# Tuggers



## E.Veit (Mar 31, 2016)

I'm looking to buy a small tugger and was wondering if anyone had any feedback on the Maxis M6K-M? I was also looking at the Greenlee UT4, but my salesman recommended the Maxis, he also recommended the GP110 pulling grips and the SPR-966 rope from Southwire. The rope and pulling grips seam very pricey, I don't mind spending the money if it's worth it? Any input?


----------



## wcord (Jan 23, 2011)

E.Veit said:


> I'm looking to buy a small tugger and was wondering if anyone had any feedback on the Maxis M6K-M? I was also looking at the Greenlee UT4, but my salesman recommended the Maxis, he also recommended the GP110 pulling grips and the SPR-966 rope from Southwire. The rope and pulling grips seam very pricey, I don't mind spending the money if it's worth it? Any input?


We had the Maxis until New Years eve, Now some ass**le in a bar probably owns it.
Anyways, we absolutely loved it. Quick and easy to set up, powerful enough to pull just about anything you need to ( if need more power-hook on the truck)

Well worth buying.

You want a rope which doesn't stretch. (best we ever used was a steel cable).

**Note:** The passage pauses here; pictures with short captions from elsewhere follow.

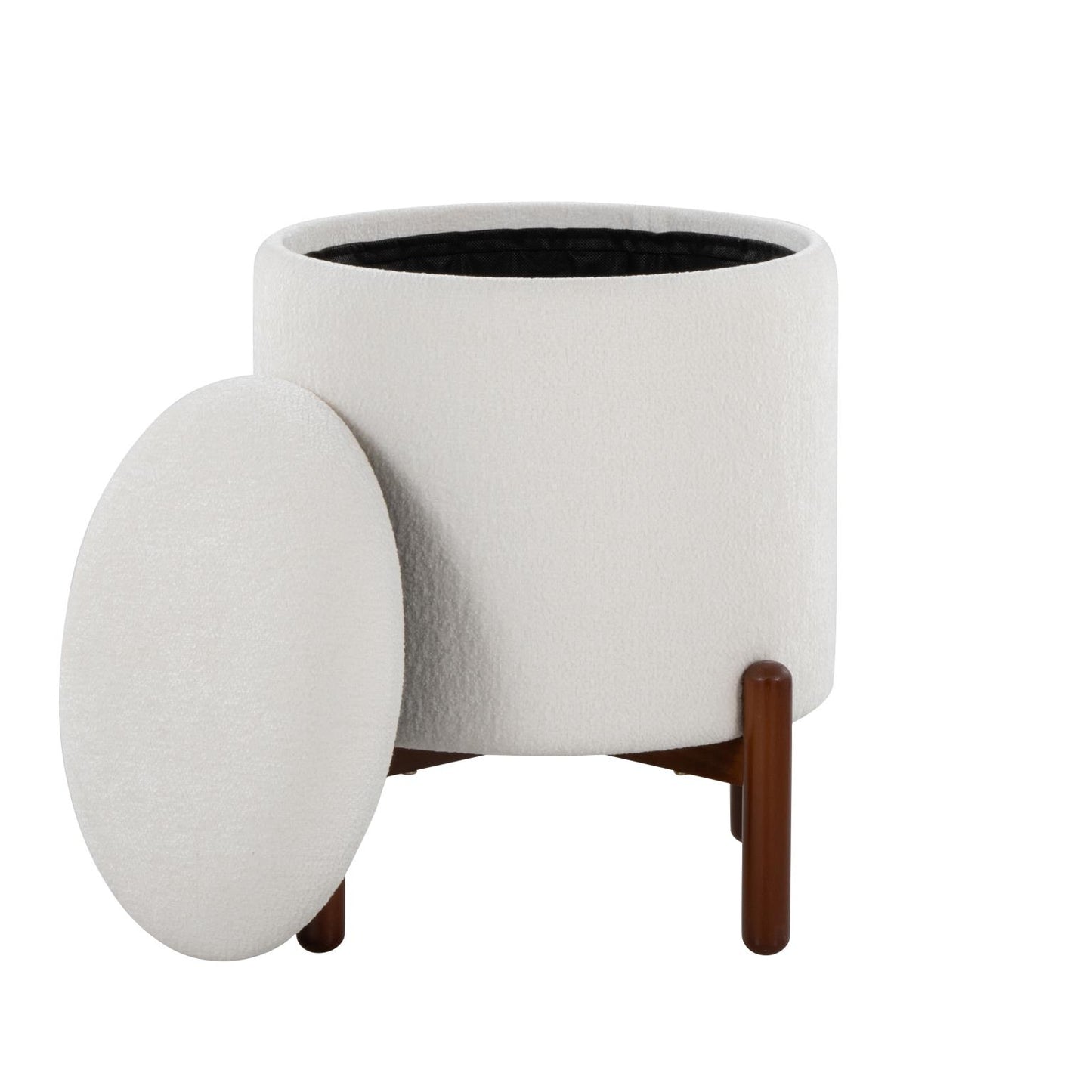 Daniella Contemporary Walnut Wood Storage Ottoman White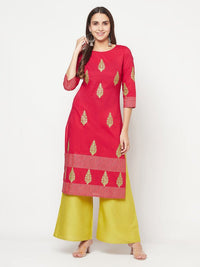 Thumbnail for Aniyah Cotton Block Print Fuchsia Color Straight Kurta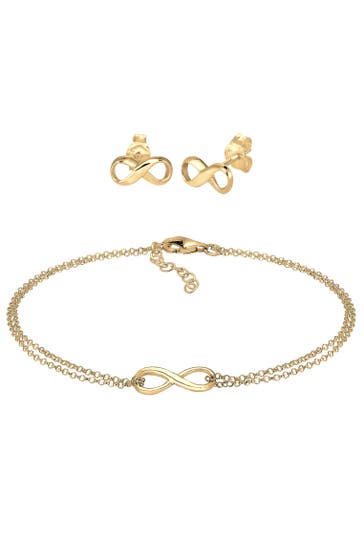ELLI Schmuckset Infinity Symbol Armband Ohrstecker Set 925 Silber Gold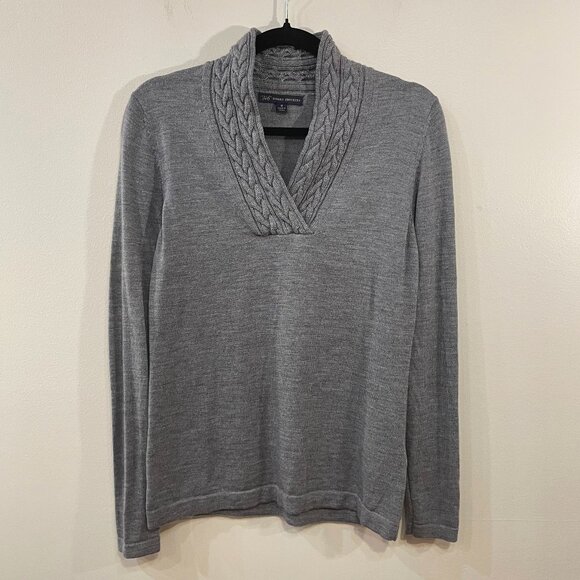 EUC Brooks Brothers 100% Wool Cable Knit Collar Sweater Grey Medium - Picture 1 of 5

No stretching gives you better control when feeding.
Don't know about pulling grips, but if you do a lot of pulls, I can see saving lots of time when hooking onto the rope


----------



## Southeast Power (Jan 18, 2009)

I have had the Greenlee for 10 or more very well made and has pulled some crazy hard pulls.
Not a super tugger but works very, very well


----------



## dawgs (Dec 1, 2007)

We have both also a super tugger and a Greenlee 640. We mostly use the UT or chain the 640 to a something and use a sheeve. All rope is expensive. Buy the pulling heads. They work well.


----------



## Cow (Jan 16, 2008)

I would love to have that whole setup. Right now we use a regular tugger and variety of attachments as well as a winch truck with 2500' of 1/2" wire rope to do our pulls. I'd like to have something like that maxxis that drops right into the end of conduit. It seems a lot simpler than trying to find an anchor point for a tugger.

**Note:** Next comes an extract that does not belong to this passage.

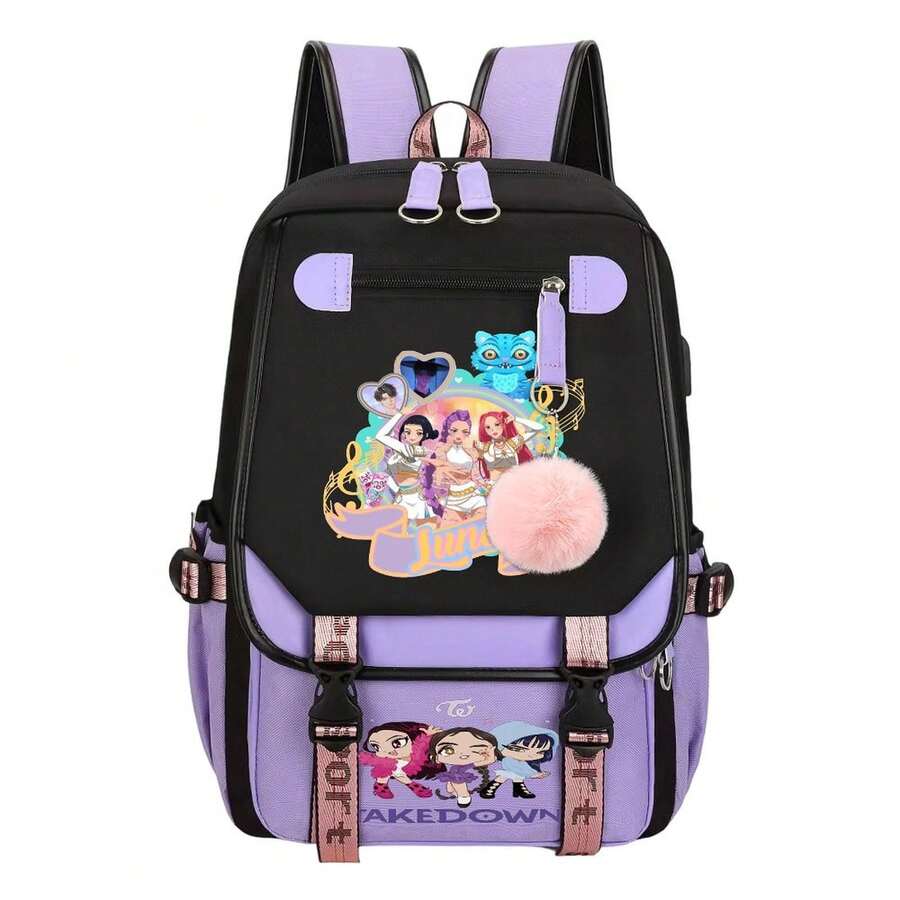 K-Pop D-Emon H-Unters Bag Outdoor Travel Backpack Double Shoulder Bag School Bag Laptop Bag Luggage Bag Men's And Women's The Same Style Backpack Durable And Wear Resistant Daily Travel Business Work Bag - 紫色 - 查看 1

We did pick up that grip set a couple years ago, now it's what everyone reaches for first when we have a big wire pull. It's so much faster than making a head the old fashioned way. Just make sure your conduit has got a little room in it, those grips and that sock need some clearance. 

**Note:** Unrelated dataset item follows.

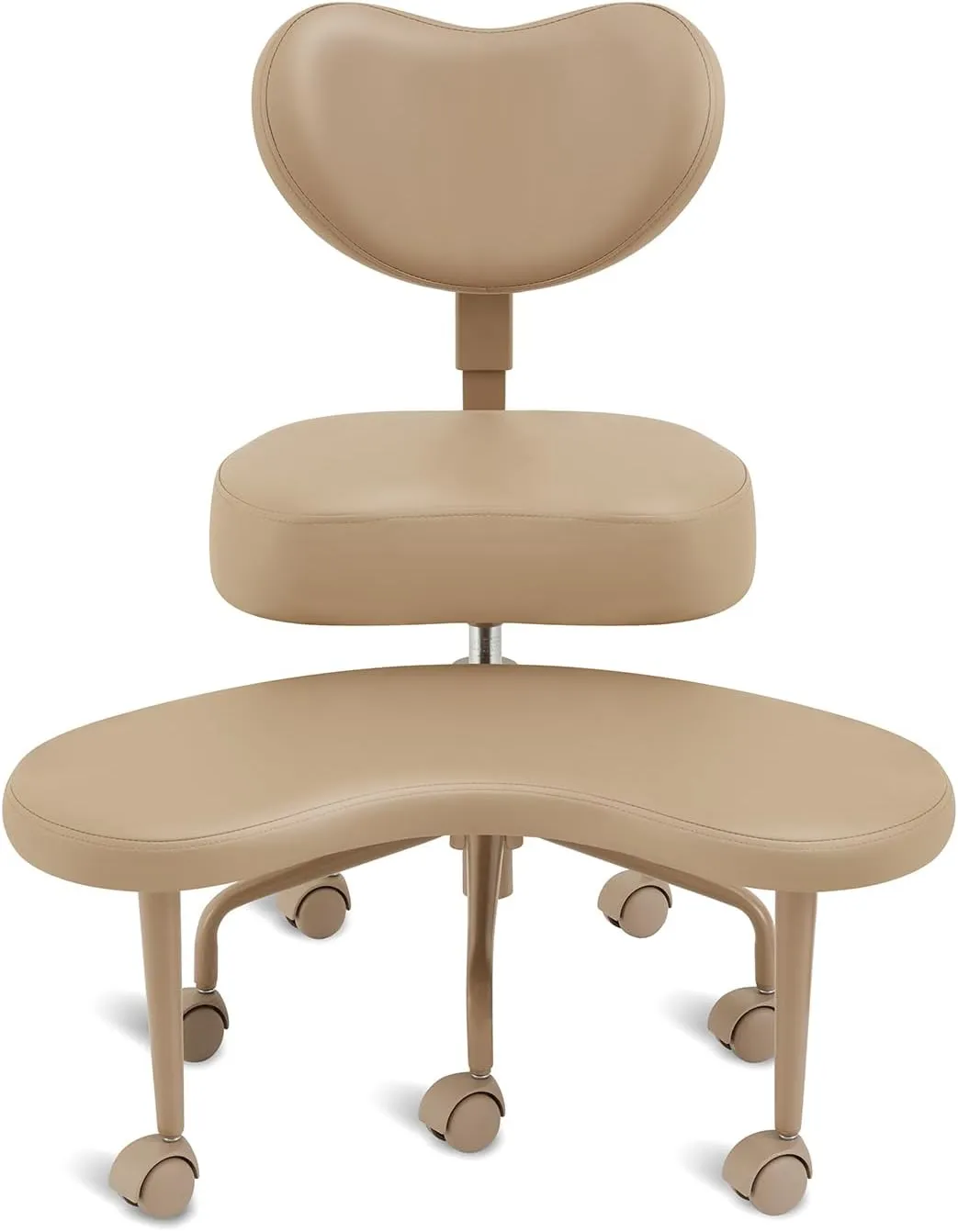 Meditation Cross Legged Chair PRO, ADHD Chair with Height Adjustable Backrest, Criss Cross Desk Use with Footrest and Wheels for Home Office, Flexible Design for Fidgety Sitters, Gray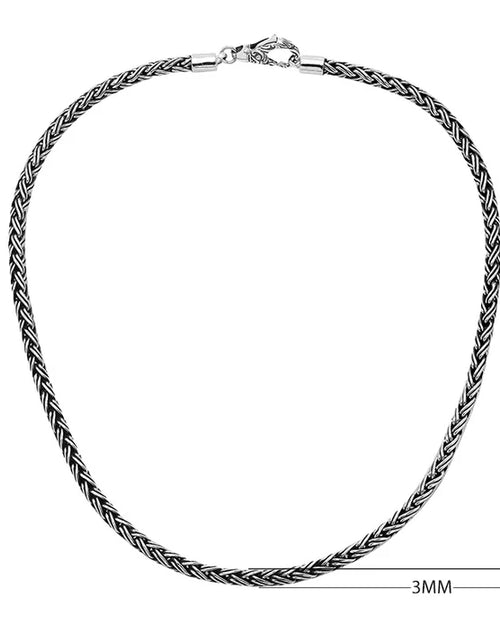 Load image into Gallery viewer, Simply Savvy Bali Handcrafted 925 Sterling Silver Wheat Chain Necklace – Oxidized Artisan Lobster Clasp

I'm curious how many lbs of pull that maxxis has on high speed? Anyone know?


----------



## 360max (Jun 10, 2011)

...pulled wire for 14 months on huge factory project. Maxis puller is well worth the money, although we used the larger maxis puller with cart. 

Don't buy the Maxis wire reel stands, they set up nice, but the roller bearings can't handle the weight abuse, they where shot after 6 months of pulling every day. Here is a pic of the ones we used, they will lift 600 mcm spools










Buy greenlee wire stands


----------



## 360max (Jun 10, 2011)

Maxis 10K used this for an entire year, everyday. Its very mobile and easy to set up.


----------



## garfield (Jul 30, 2009)

Current 33 is what we bought. It's been great. We don't use it everyday so I can't comment on longevity.


----------



## 360max (Jun 10, 2011)

*Greenlee tuggars are the best*. If you can afford it buy Greenlee, you buy it ONCE.


----------



## 360max (Jun 10, 2011)

garfield said:


> *Current 33* is what we bought. It's been great. We don't use it everyday so I can't comment on longevity.


...its a decent tuggar and will get the job done. Its the 'cheaper' tuggar


----------



## danhasenauer (Jun 10, 2009)

Maxis 10K, very versatile and weighs much less than a Super Tugger. Haven't broken it yet, and we punish it regularly.


----------



## Tonedeaf (Nov 26, 2012)

I have a Maxis 3k, that I used for almost everything. We pulled 4 600 MCM and a ground, 280' with two 90's. It was really a great investment i think we paid 1800 for it about 10 years ago. I always tried the 3k before i broke out my bigger pulling machine.

The 3k was getting a little worn so we recently purchased a new machine. We went with an Itool cannon 6k. Its similar to setup and ease of use to the Maxis with more power. We paid 4500 plus tax.

I attached a few pics of us pulling in 4-600 MCM on a new underground service. The pull was two 90's 200' 4" PVC.

The machine setup in 5 minutes.


----------